Bette Brand, Deputy Under Secretary for Rural Development, United States Department of Agriculture (USDA), announced that Central Alabama Electric Cooperative and its broadband subsidiary, Central Access, will receive $8.2 million in Broadband ReConnect Grant funding as part of $37 million invested by the Trump Administration and the USDA to provide broadband service in unserved and underserved rural areas of Alabama. The announcement was made at CAEC’s headquarters and was attended by USDA State Director Chris Beeker, Congressman Gary Palmer and other dignitaries.
“The real reason we’re here today is there are 21 million people who still lack high-speed Internet, and of those 21 million, 80 percent are in rural areas,” said Brand. “In this day and age, all of America needs this robust, modern infrastructure to thrive. It’s no longer an amenity, it’s an absolute necessity.”
The $600 million USDA Broadband ReConnect Program furnishes loans and grants to provide funds for the costs of construction, improvement or acquisition of facilities and equipment needed to provide broadband service in eligible rural areas.
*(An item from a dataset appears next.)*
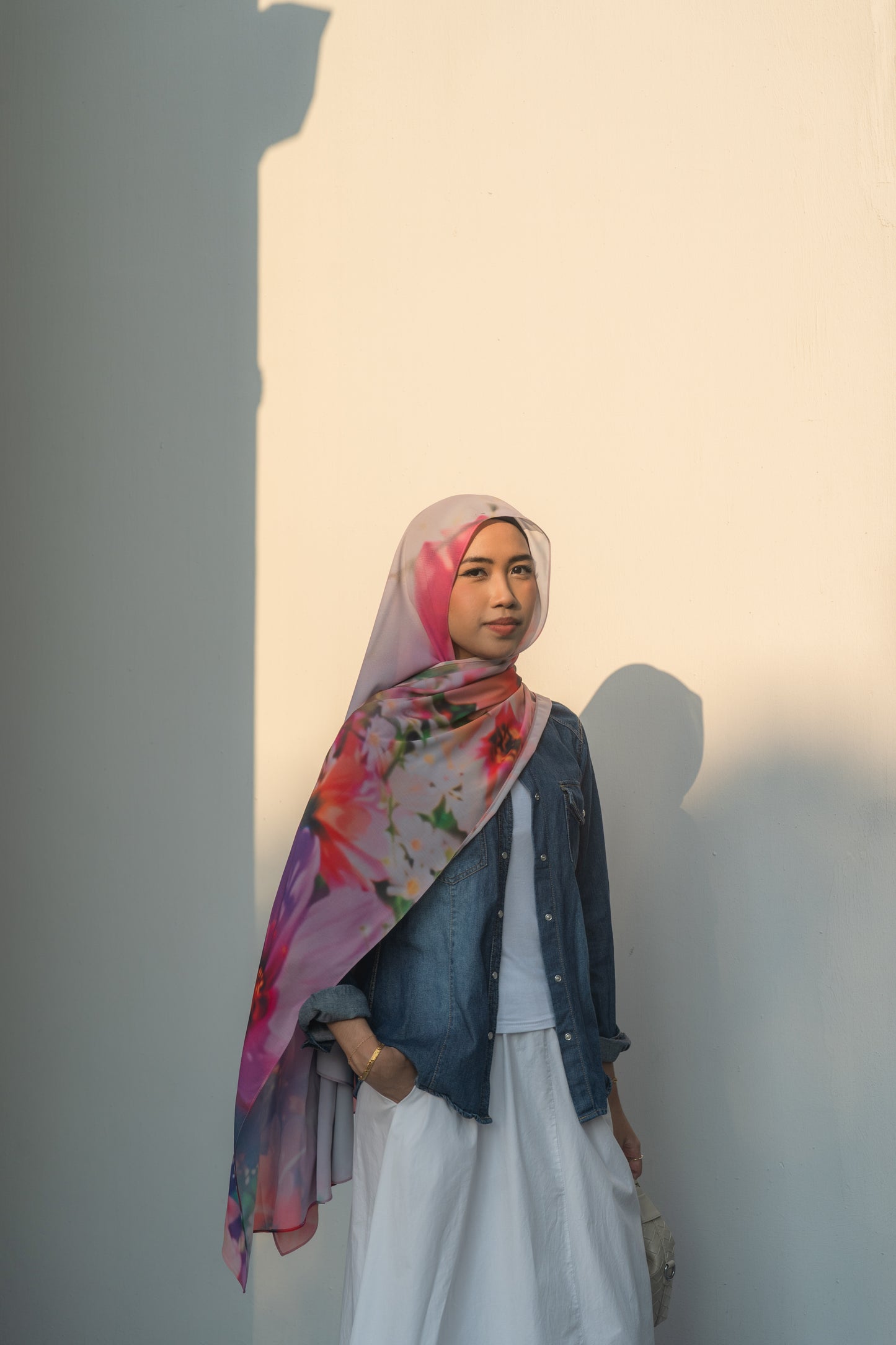 Garden Fever Diamond Chiffon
“Today’s announcements highlight a tangible reminder of our mission—helping to improve the economy and quality of life in rural America,” said Beeker.
CAEC worked for over half a year on the application process before it was submitted for the federal grants in March of this year. The ReConnect grants will further aid in the deployment of retail broadband to connect 13,853 people, 149 farms, 77 businesses and one fire station in Bibb, Chilton, Perry, Autauga, Talladega, Elmore and Coosa counties.
To qualify, the identified grant areas can only have within its borders 10 percent of sufficient access to broadband, defined at the federal level as 10 Mbps (megabits per second) downstream and 1 Mbps upstream, leaving 90 percent with less than this minimum. This excludes mobile or satellite service but does include fixed wireless. CAEC had previously applied for similar federal grants during the last award process, but the six requests were rejected because cellular and satellite Internet services were available in the percentage of 10 to 1 minimum speed.
“Today truly is a landmark journey to help people change their circumstance with high speed, reliable and affordable broadband service,” said CAEC President and CEO Tom Stackhouse. “This is not the first time that this cooperative, and many others across this country, has been a part of rural development and improving the quality of life—it’s what cooperatives have done and still do. The new normal will include many who will work from home and telemedicine will provide a much better quality of life, but none of this will happen without fast, reliable internet. And it is closer today than it was yesterday for many in rural Alabama.”
Construction on the main infrastructure fiber core needed to service the ReConnect Grant areas is expected to begin once environmental clearances are given by Federal agencies.